You might say I have a long distro history so I'll add my 1.7 cents (it was 2 cents before the recession).
Loved Mandrake until it got buggy.
Mandriva came from Mandrake but never recaptured the glory.
- Both had very easy to use but powerful administration tools.
- Wonderful menu structure
- Looked good
- Excellent hardware discovery. It could load the drivers for your blender if you could plug it in.
- Package management from the Gods when mortal man was painting on cave walls.
Why I stopped using them
- unstable repositories. Software was constantly broken.
CentOS for servers - it's just the most stable feature rich distro for servers (from the commandline).

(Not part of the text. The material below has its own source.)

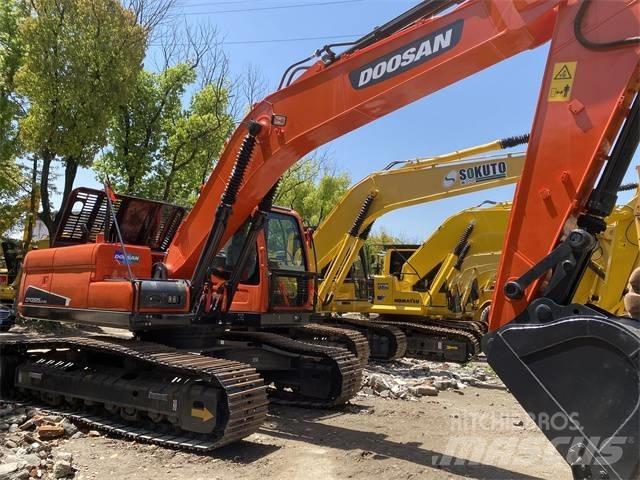 Doosan DX 225 LC Pelle sur chenilles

SuSe for servers if you insist on using a GUI to manage it. Has the best GUI Server admin tools.
Ubuntu 8.04 - 10.10
- Tons of software packages
- Gnome2 became usable for bipedal primates with large frontal lobes.
- Install process so easy a baby stuck in a mineshaft could do it.
- Everything just works and when it stops shaking a rubber chicken seems to help. If it doesn't work on Ubuntu it probably doesn't work on anything that runs Linux including orbiting brain lasers and fembots with a penchant for evil.
Why I'm looking for a replacement
- Software packages broken.... sounds familiar.
- Got tired of looking at desktop color themes best reserved for a 1970s kitchen with accompanying man cave with wall to wall shag carpet.
- Moved to the Unity desktop which is targeted at a branch of hominids possessing much smaller brain functionality that have been extinct for roughly 4 million years. Possibly as a result of a poor market study with limited subject availability to question and those who they could dig up didn't have much to say.
- Including the word Ubuntu in my online dating profile has not improved love matches. In addition translating the original Swahili meaning to English only leaves me looking a bit creepy.
- Ubuntu sounds like something my kids used to say when they were a year old and needed changed. Looks like it too.
Distributions I'm interested in but haven't made a decision about
Linux Mint DE
- Based on Debian so the software packages may actually work
- Uses the XFCE desktop so any sane human should feel comfortable with it.
Possible downfalls:
- A bit rough
- A bit ugly
- Linux Mint DE with a port scanner vs. Clint Eastwood with a Bowie knife would be a good fight.
- Having the same name as another distribution that has broken packages gives me the shivers.
Mageia
- So far every single package in the repository works. Ex Mandrake developers who must have learned their lesson.
- Doesn't talk to me like I'm a baby
- Only two packages in the repository.
- Just when I learned to pronounce Ubuntu this comes along.
The nice thing about Linux is you can try them all for zero dollars. I think a good practice though is to have a shared network drive where you put all of your stuff so if you choose to wipe out your machine you don't lose anything. Actually this is a good practice on any OS.